ブラック・スワン(映画)のネタバレ解説・考察まとめ

『ブラックスワン』とは2010年公開のアメリカのサイコスリラー映画。日本では2011年にR15+指定作品として公開された。監督はダーレン・アロノフスキー。主演にナタリー・ポートマン。『白鳥の湖』で主役の座を射止め、清純な白鳥と官能的な黒鳥の2役を演じることになったバレリーナが役へのプレッシャーから徐々に精神が崩壊して行く様を描く。幻覚か現実かあやふやな描写が観客の目を惹きつけた。
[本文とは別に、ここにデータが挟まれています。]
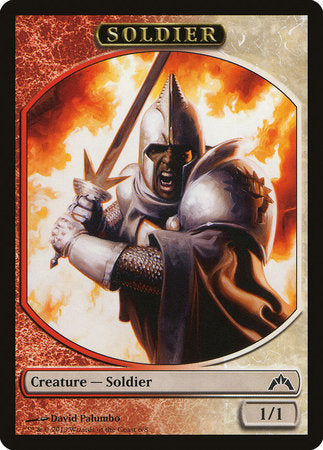 Soldier Token (Red/White) [Gatecrash Tokens] | Cards and Coasters CA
批評面、興行成績ともに成功を収め、第83回アカデミー賞では主演のナタリー・ポートマンがアカデミー主演女優賞を受賞した。

『ブラックスワン』の概要

『ブラックスワン』とは2010年公開のアメリカのサイコスリラー映画である。日本では2011年5月11日にR15+指定作品として公開された。
監督は、2008年公開の『レスラー』(主演:ミッキー・ローク)で第65回ヴェネツィア国際映画祭金獅子賞を受賞したダーレン・アロノフスキー監督。
サイコスリラーを得意とする彼は、本作『ブラックスワン』で生真面目な少女が元バレリーナである母親の期待を背負いバレエにすべてを捧げる姿を美しくも狂気に満ちた描写で映し出した。
『ブラックスワン』はバレエ界の華やかなステージの裏で人間の根底に眠る憎悪や嫉妬といった感情を徐々に狂っていく少女にのみスポットを当てることで、一個人の心情を丁寧に描き、ホラーと称されるほど凄みを感じさせる映画になった。
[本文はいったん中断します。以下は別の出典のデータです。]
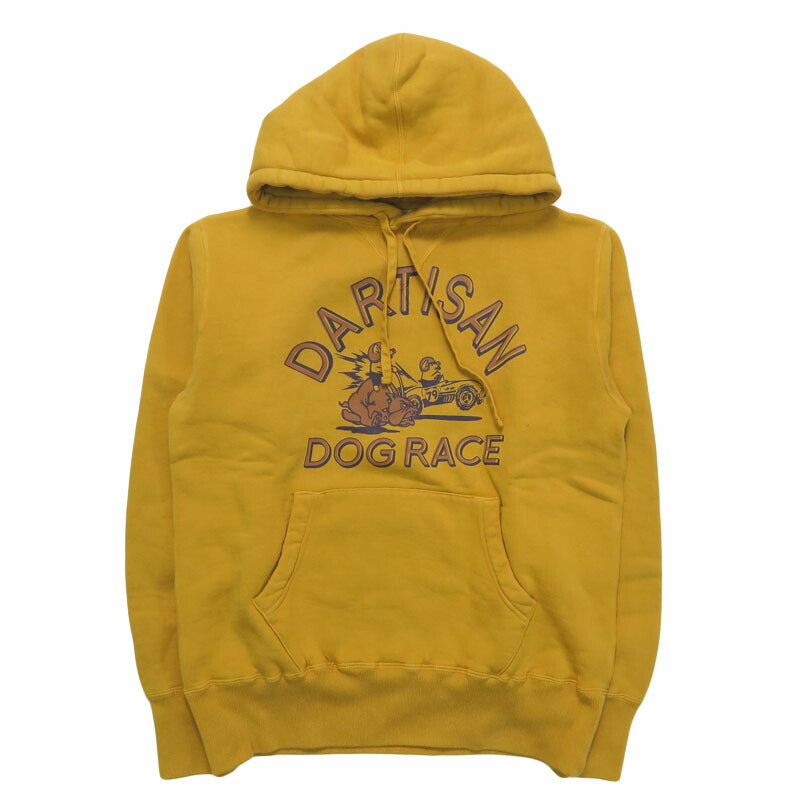 ダルチザン ステュディオ・ダ・ルチザン STUDIO D'ARTISAN プリント プルオーバー スウェット パーカー 両Vガゼット ”DOG RACE” 8194B 【2025年秋冬新作】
ニナ(演:ナタリー・ポートマン)は母エリカ(演:バーバラ・ハーシー)の熱心な庇護のもと、バレエに全てを捧げ励んでいた。所属する劇団のプリマ交代の時期に『白鳥の湖』の上演が決まる。紆余曲折あったがニナは演出家のトマ(演:ヴァンサン・カッセル)の心を掴み、主役に抜擢される。喜びも束の間、ニナは役へのプレッシャーに押される。『白鳥の湖』はプリマが清純な白鳥と官能的な黒鳥の2役を踊る。完璧主義で生真面目なニナは白鳥の演技は完璧であったが、女性としての性的魅力に欠けると言われるニナにとって黒鳥を官能的に踊ることに苦戦していた。そこへ新人でありライバルのリリー(演:ミラ・クニス)が現れる。自由奔放で性的な魅力にあふれたリリーの存在がニナにとって脅威的なものとなり、ニナは次第に追い詰められ、現実と幻影があやふやになっていく。ある日、エリカの監視に耐えられなくなったニナはリリーと夜遊びをし、初めてのドラッグや男性と関係を持つことの愉しみを知る。翌朝、新たな愉しさを覚えたニナの踊りは前日までとは変わり、官能的な黒鳥の踊りも魅力的に踊れるようになっていた。しかしニナは幻覚と現実がわからなくなっていき、公演前日には舞台裏でトマとリリーが性行為をしている場面に遭遇するが、トマが黒い羽を纏った姿に変形していき、リリーの顔もだんだんニナの顔に変わっていくという幻覚をみる。帰宅しても幻覚は止まず、母が描いた絵が自分をあざ笑うかのように見えたり、黒い羽根が背中から生えてきたりしてニナは気を失ってしまった。
公演当日、エリカはニナが役に潰されることを恐れて、劇団にニナ降板の連絡をしていたが、ニナは主役を演じること以外見えておらず劇場に向かった。ニナは幻覚が収まらないまま舞台に立った。最初は順調に役をこなすニナだったが、プレッシャーから大きな失敗をしてしまう。王子様役のダンサーがニナを受け損ね落としてしまったのだ。すっかり憔悴して楽屋に戻ると、そこには黒鳥のメイクをしているリリーの姿があった。そして黒鳥のメイクをしたリリーがニナ自身に変容していく幻覚をみながら、リリーと揉みあいになり、割れたガラスの破片でリリーを刺殺してしまう。ニナはリリーの死体を隠し、第三幕を踊るため黒鳥の姿で舞台に上がった。
ニナは情熱的に官能的に黒鳥を踊り、観客はその魅力に圧倒され、総立ちになり、あふれんばかりの拍手でニナを褒め称えた。
舞台を降りたニナが楽屋で待機していると、そこにリリーの死体はなく、ニナの踊りに感動したリリーが激励の言葉をかけに現れた。この時ニナは先ほどリリーと争ったことは幻覚で、刺したのはリリーではなく自分自身だったということに気づいた。
第四幕が上がりニナは完璧に白鳥を踊りきった。最後に白鳥が飛び降り、自殺するシーンまで演じきったニナをたくさんの拍手が包み込む。トマが駆け寄り、ニナの熱演を賞賛する中、ニナは「完璧よ」とつぶやき目を閉じた。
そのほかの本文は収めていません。